▶ Brief descriptive captions
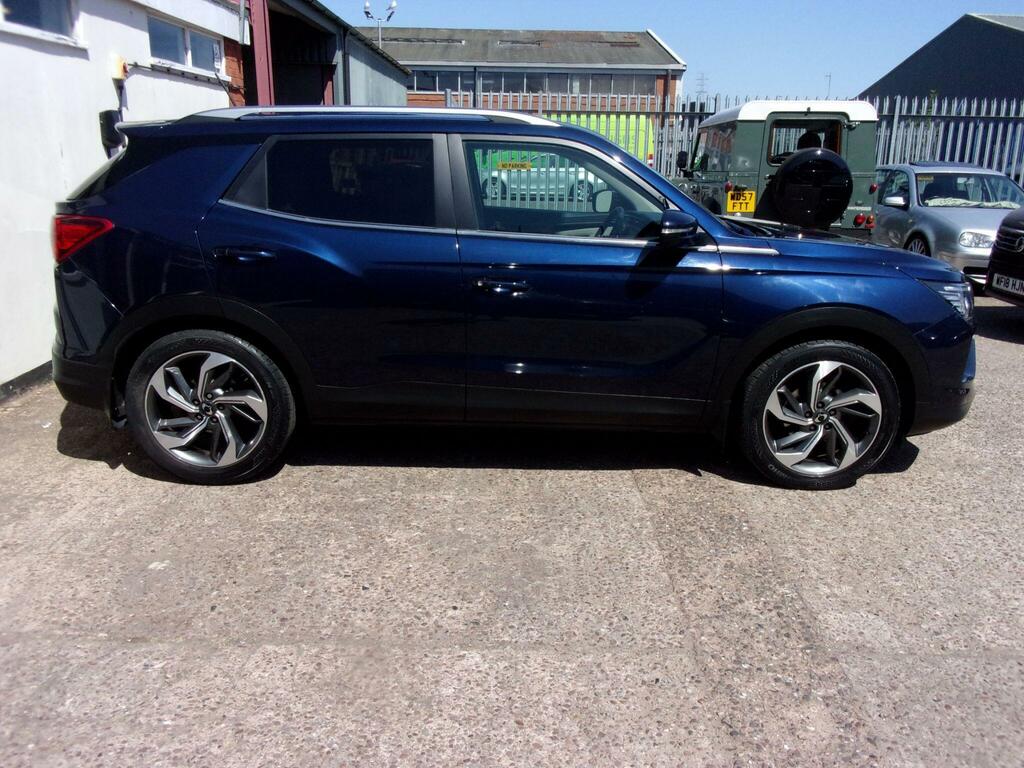 SsangYong Korando 1.6D Ultimate 4Wd Euro 6 Blue #5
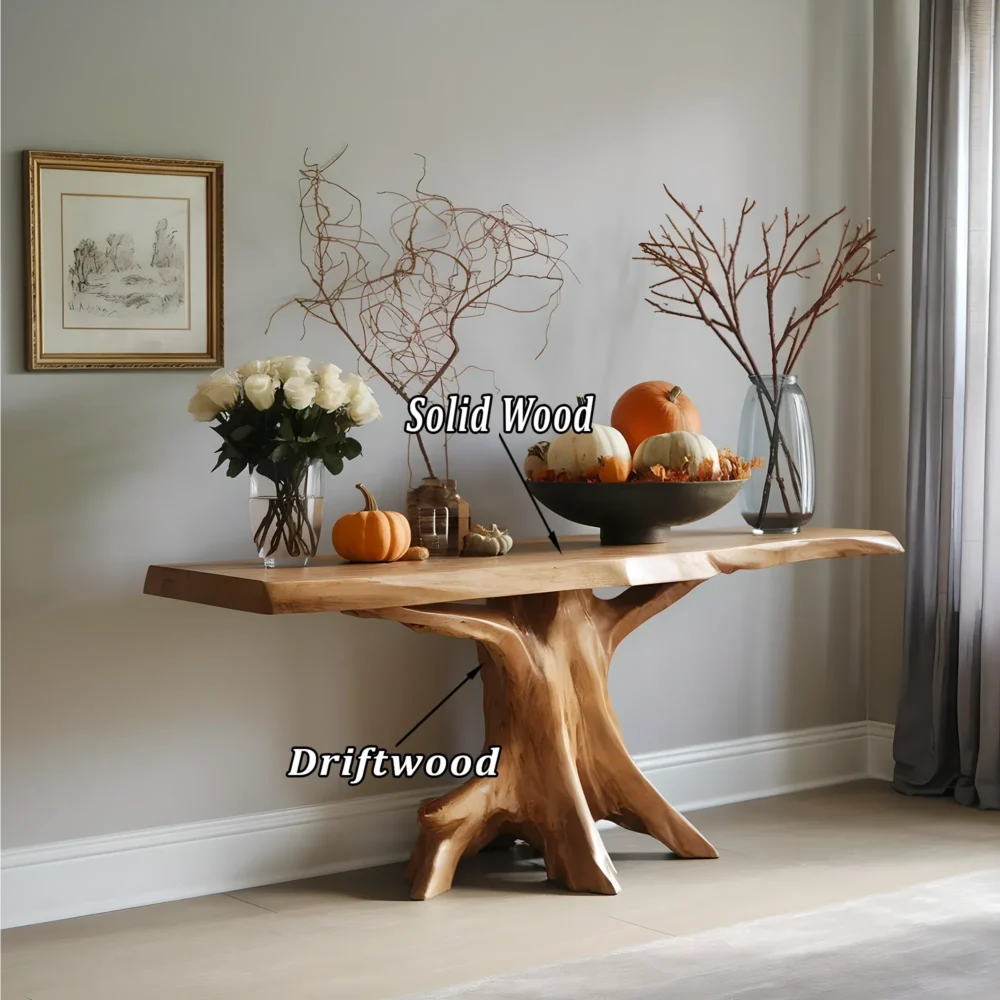 Artisan Entry Hall Table Space Saving Organizer - Image 2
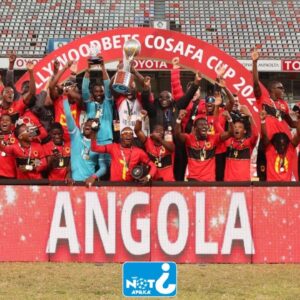 FINAL | South Africa vs Angola | 2025 COSAFA Cup #COSAFACup2025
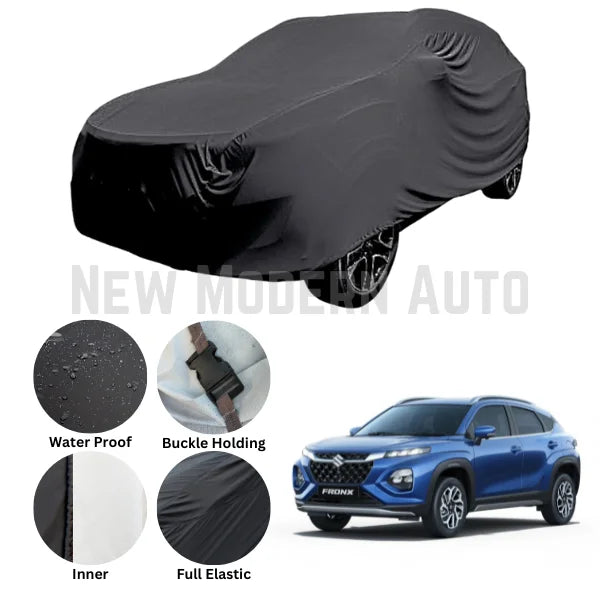 Suzuki Fronx Anti Scratch Water Resistant Neoprene Top Cover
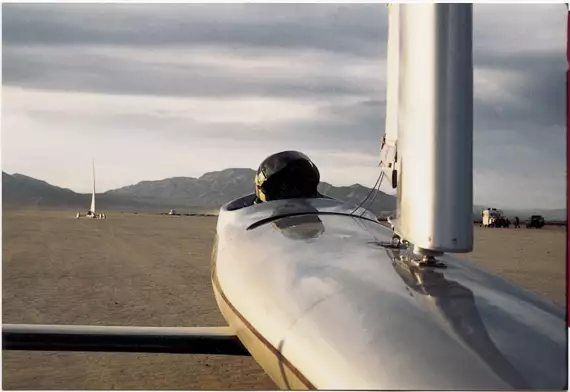 1990 USA Ivanpah Dry Lake 1990 Silver Bullet - 106a -  - Geschiedenis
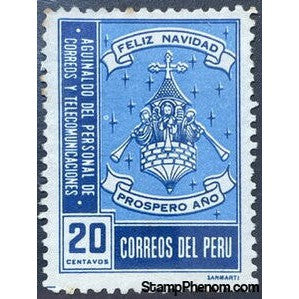 Peru 1961 Christmas-Peru-StampPhenom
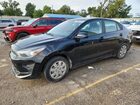 2021 Kia Rio Lx Black vin: 3KPA24AD2ME381841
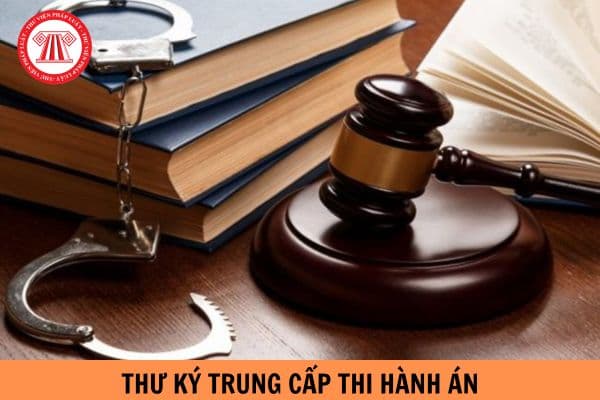 Bảng lương của Thư ký trung cấp thi hành án khi tăng lương cơ sở lên 2,34 triệu là bao nhiêu?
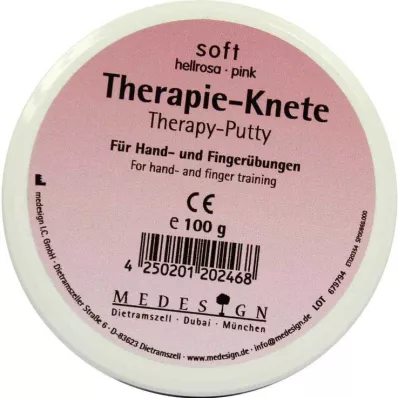 THERAPIEKNETE soft light pink, 100 g THERAPIEKNETE soft light pink, 100 g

▶ What to produce
Print only the lines from the line that contains "Peru 1961 Christmas-Peru-StampPhenom" to the final line of the data, inclusive. Pictures stay out.

▶ Written response
 Peru 1961 Christmas-Peru-StampPhenom
 2021 Kia Rio Lx Black vin: 3KPA24AD2ME381841
 Bảng lương của Thư ký trung cấp thi hành án khi tăng lương cơ sở lên 2,34 triệu là bao nhiêu?
 THERAPIEKNETE soft light pink, 100 g THERAPIEKNETE soft light pink, 100 g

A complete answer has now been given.